When is a building like a bang?

There’s some theoretical support for the idea that a building is a kind of shock, or at least belongs in the same semiotic category as a sudden noise emitted from a machine.

Articles by philosopher and semiotician Elisabeth Walther-Bense (1922-2018) are in German — unfortunately, not yet available in English translation, or even online in German that I could find.

So I am relying on a brief account of her statement on architecture in the magisterial 576 page 1990 Handbook of Semiotics by Winfried Nöth. Lest we think architecture has escaped the application of Peirce’s ten categories of signs, Walther identified where buildings fit within Peirce’s complicated schema.

Nöth writes, “Walther determines the factually existing building as a dicent indexical sinsign” (438) (my italics). That’s the raw, basic sign category that appears at the apex of Peirce’s hierarchical pyramid.

In a previous post I equated this category with the communicative function of a shock or an explosion, as when a tray of cutlery falls to the floor. A building is a complete qualitative expression (dicent), is connected to a source (maybe a cause) though without resembling it (index), and is a singular expression (sinsign). Nöth states it thus:

“Being a singular object fixed with respect to time and space makes it a sinsign. By referring to the architect who designed it, the building becomes an index, and as a cultural object which evokes judgments and evaluations, the building is a dicent” (438) (my italics).

At first blush the equivalence of a building to a bang appears absurd. A system of classification that puts a building in the same category as an accident is indeed fraught. Looking at the dicent part of the category descriptor, it’s hard to think that the sudden annoyance felt at the sound of a tray of crockery crashing to the floor is in the same category as the complicated evaluations we exercise on entering a building.
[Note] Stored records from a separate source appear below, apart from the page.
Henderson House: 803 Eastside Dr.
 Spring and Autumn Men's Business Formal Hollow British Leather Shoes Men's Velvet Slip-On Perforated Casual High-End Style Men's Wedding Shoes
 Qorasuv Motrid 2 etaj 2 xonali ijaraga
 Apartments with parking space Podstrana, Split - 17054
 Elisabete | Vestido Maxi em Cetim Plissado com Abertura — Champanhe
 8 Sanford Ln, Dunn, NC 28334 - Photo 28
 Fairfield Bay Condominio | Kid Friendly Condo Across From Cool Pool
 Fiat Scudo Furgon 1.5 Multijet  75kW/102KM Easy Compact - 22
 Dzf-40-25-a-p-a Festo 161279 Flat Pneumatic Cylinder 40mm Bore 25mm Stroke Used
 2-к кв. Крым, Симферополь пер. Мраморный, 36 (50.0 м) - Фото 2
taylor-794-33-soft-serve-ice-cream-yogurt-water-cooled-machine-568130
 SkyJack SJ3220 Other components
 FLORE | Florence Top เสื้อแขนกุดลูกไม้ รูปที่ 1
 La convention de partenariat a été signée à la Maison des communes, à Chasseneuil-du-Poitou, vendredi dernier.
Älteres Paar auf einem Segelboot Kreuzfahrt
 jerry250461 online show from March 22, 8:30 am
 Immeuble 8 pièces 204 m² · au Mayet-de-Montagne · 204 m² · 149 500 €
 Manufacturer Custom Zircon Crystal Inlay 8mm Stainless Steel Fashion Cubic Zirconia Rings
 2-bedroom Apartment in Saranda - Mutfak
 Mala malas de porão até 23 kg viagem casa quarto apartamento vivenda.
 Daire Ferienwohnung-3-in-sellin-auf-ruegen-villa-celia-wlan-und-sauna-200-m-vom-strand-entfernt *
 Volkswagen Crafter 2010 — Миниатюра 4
Considering the index part, I don’t suppose an architect (or design/construction team) bears a similar relationship to the building as a falling hammer does to the sound it makes as it hits the tiles.

But  from a phenomenological point of view, initial impressions afforded by being in or experiencing a building matter, i.e. our immediate bodily response to and engagement with a place. Sophisticated evaluative reflections follow. Do we need semiotics to tell us that?

The end of architectural semiotics

Here’s a Google NGram showing the rise and fall in the frequency of the term “architectural semiotics” proportional to all words in Google’s extensive repository of books. The graph provides some indication at least of the popularity of the field over time.

I’m wrestling with the observation that semiotics fell out of favour in architectural theory around 1990. Here are some candidate reasons.

  1. Semiotics and its terms became so woven into the fabric of architectural discourse that semiotics no longer needs to be singled out as a special subject.
  2. There are ways of describing the experience of architecture (as above) other than via tortured semiotic categories. Perhaps the embodied, phenomenological account does away with the need for many of the distinctions advanced in semiotics. Critical theory has provided a similar substitute. You don’t need to be a semiotician to recognise the power structures in play in various sign occurrences.
  3. Semiotics promised a kind of systematisation and order, similar to systems theory and design methods. But it has proven impossible to operationalise. In any case, the poststructuralist project has undermined any recourse to putative certainties implied by such scientism.
  4. The subject of semiotics has been exhausted by texts such as The Handbook of Semiotics (1990). What is there left to say? A corollary to such a pluralistic and encyclopaedic account of semiotics is the common complaint expressed by many cultural neophytes: there are so many different opinions about what is semiotics that it really can’t matter what you think. Relativism breeds contempt.
  5. One must always entertain the possibility that semiotics is now “out of fashion” — that the discourse of semiotics belongs to an older generation. A new generation that wants to make its own discoveries moves on from that, much as Thomas Kuhn described the idea of a paradigm shift.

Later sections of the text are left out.